Un mandataire judiciaire, accusé de détournement
2009-11-14 - Le TempsLu 691 fois
Bien souvent et en cas de litige entre associés, qu'il s'agisse d'un fonds de commerce, ou une société, le juge agissant dans l'intérêt des associés, intervient afin d'éviter les tensions entre eux en nommant un séquestre, qui agit en tant qu'amiable compositeur, afin de préserver le droit de chacun d'eux.
Le séquestre est donc l'homme de confiance commis par la justice qui éclaire le juge qui s'attache à ne pas léser aucune des parties au procès.
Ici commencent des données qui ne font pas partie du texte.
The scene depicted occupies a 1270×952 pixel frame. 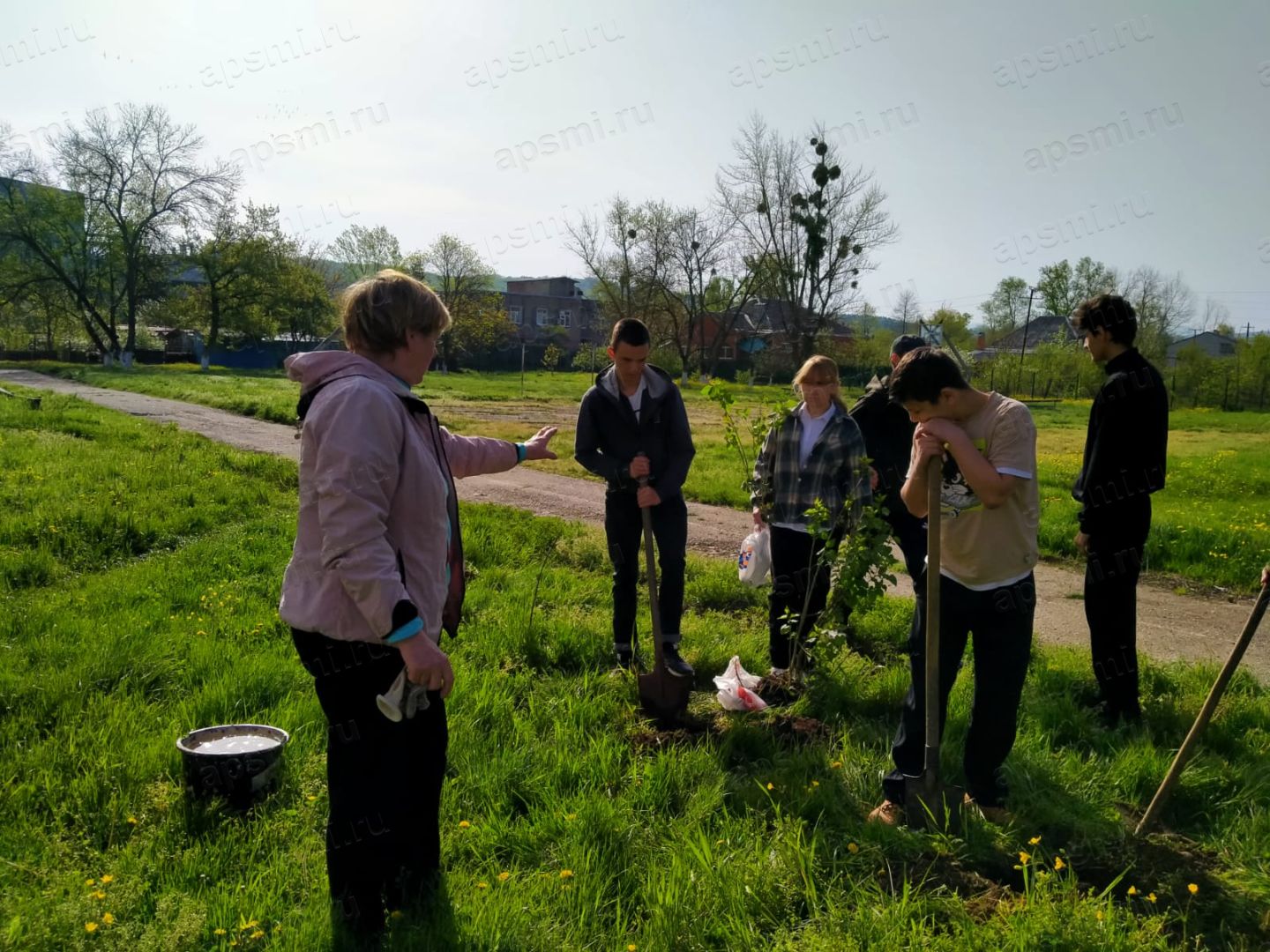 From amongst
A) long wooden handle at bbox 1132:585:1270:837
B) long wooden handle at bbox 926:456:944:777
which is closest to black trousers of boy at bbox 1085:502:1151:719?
long wooden handle at bbox 1132:585:1270:837

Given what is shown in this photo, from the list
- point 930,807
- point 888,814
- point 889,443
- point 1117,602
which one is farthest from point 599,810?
point 889,443

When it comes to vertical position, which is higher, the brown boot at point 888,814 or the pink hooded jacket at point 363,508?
the pink hooded jacket at point 363,508

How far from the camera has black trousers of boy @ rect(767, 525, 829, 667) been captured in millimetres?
5004

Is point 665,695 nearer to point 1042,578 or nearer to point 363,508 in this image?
point 363,508

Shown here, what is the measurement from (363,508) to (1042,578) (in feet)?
24.7

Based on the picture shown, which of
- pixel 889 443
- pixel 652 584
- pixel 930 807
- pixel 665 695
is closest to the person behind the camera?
pixel 930 807

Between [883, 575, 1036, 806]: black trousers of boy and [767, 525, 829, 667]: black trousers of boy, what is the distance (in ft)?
4.67

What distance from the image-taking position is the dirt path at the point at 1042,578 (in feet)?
20.2

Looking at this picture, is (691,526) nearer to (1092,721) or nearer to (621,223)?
(1092,721)

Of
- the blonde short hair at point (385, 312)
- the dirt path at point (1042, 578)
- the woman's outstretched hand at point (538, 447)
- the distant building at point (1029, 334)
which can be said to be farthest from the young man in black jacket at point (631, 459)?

De ce fait, le séquestre a la latitude d'agir en bon père de famille en essayant de préserver le bien qui lui est confié, jusqu'à résolution finale du litige entre les ayants droit.
Dans le cas d'espèce, il s'agit d'un séquestre nommé par le juge, avec mission de gérer une propriété agricole aux lieu et place des propriétaires associés, jusqu'à ce que le litige soit tranché par le tribunal.
Toutefois s'il a latitude es qualité, de faire des actes de commerce ou de gestion, tout en tenant compte dans tout ce qu'il fait, de l'intérêt de tous les ayants droits, ainsi que de celui de l'entreprise qui lui a été confiée.
C'est en quelque sorte un mandataire judiciaire, qui n'a pas le droit cependant de réaliser des bénéfices pour lui-même passer des actes à son profit ou au profit des membres de sa famille
Or, le mandataire dans cette affaire a loué la propriété à des tiers sans en rendre compte aux ayants droit.
Ce qui incita ces derniers à porter plainte contre lui auprès du procureur de la République.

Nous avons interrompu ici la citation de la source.